American Horror Story: Hotel


Many moments in American Horror Story history draw on real events, from the assassination attempt on Andy Warhol in Season 7 to many historical freak show characters found in Season 4. However, the story that inspired Hotel is probably the creepiest. Based loosely on Chicago serial killer H.H. Holmes, Evan Peters’ character James March also built a hotel with secret rooms and trap doors used for ensnaring and eventually viciously murdering his guests.


The Legend Of Sleepy Hollow


Washington Irving’s tale of Ichabod Crane and the Headless Horseman is based more on fact than one might think. It’s believed that Irving’s story was inspired by the death of a Hessian mercenary during the Revolutionary War. The fallen soldier was a horseman who was buried after the Battle of White Plains in an unmarked grave near the town of Sleepy Hollow. To make things even stranger, Irving based the characters Ichabod Crane and Katrina Van Tassel after two acquaintances with those exact names.

Annabel Lee


One of Edgar Allan Poe’s most famous poems is “Annabel Lee,” the story of two young lovers who were separated by family disapproval and eventually death. There are many theories as to who Poe based Annabel Lee after, but most people assume it was his wife Virginia, who just like in the poem he loved as a child, married and eventually lost to an untimely death.

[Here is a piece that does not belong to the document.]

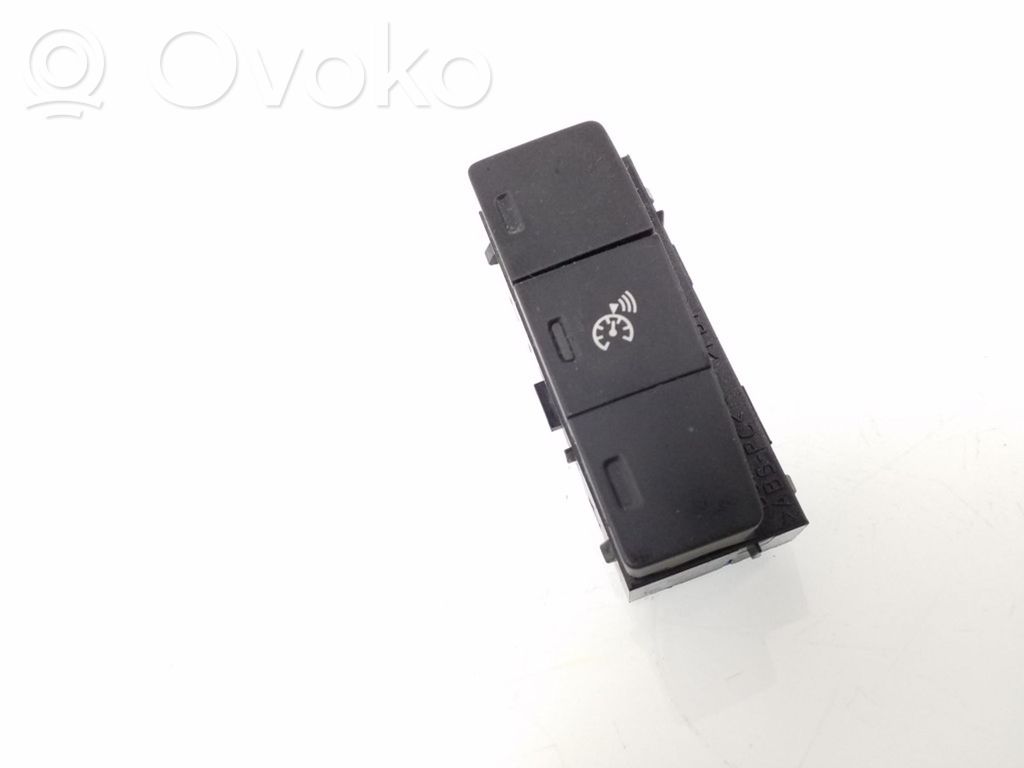 Citroen C3 Cruise control switch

Believe it or not, just like Dracula, Frankenstein is based on historical figures. Before Mary Shelley wrote her magnum opus, she traveled around Europe where she learned about Germany’s Frankenstein Castle, the birthplace of alchemist Johann Conrad Dippel who is thought to have created an elixir of life as well as experimented on dead bodies during his work. The story is also thought to have been inspired by the works of galvanist Giovanni Aldini, who publicly demonstrated how electricity can flow through the nerves of a dead body in the early 1800s.